* _ABOUT THIS EXERCISE_
Skip the pictures. Retype exactly, and only, the lines between the line holding "The practical nurse" and the last line below, inclusive.

* _DATA EXCERPT_
===

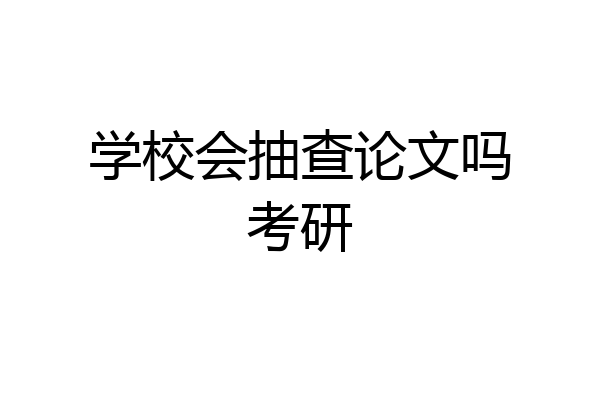 学校会抽查论文吗考研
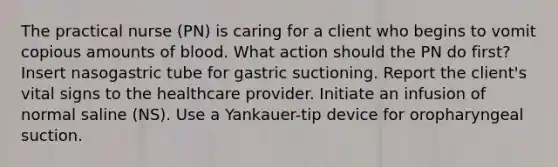 The practical nurse (PN) is caring for a client who begins to vomit copious amounts of blood. What action should the PN do first? Insert nasogastric tube for gastric suctioning. Report the client's vital signs to the healthcare provider. Initiate an infusion of normal saline (NS). Use a Yankauer-tip device for oropharyngeal suction.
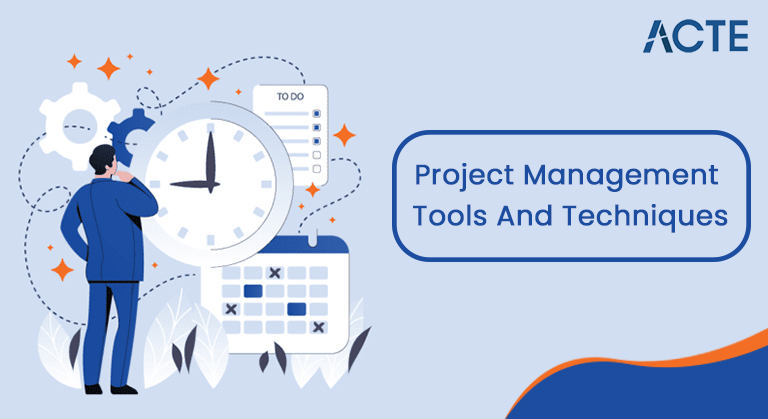 Project Management Tools article And-Techniques-ACTE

===

* _ANSWER BOX_
 The practical nurse (PN) is caring for a client who begins to vomit copious amounts of blood. What action should the PN do first? Insert nasogastric tube for gastric suctioning. Report the client's vital signs to the healthcare provider. Initiate an infusion of normal saline (NS). Use a Yankauer-tip device for oropharyngeal suction.
 Project Management Tools article And-Techniques-ACTE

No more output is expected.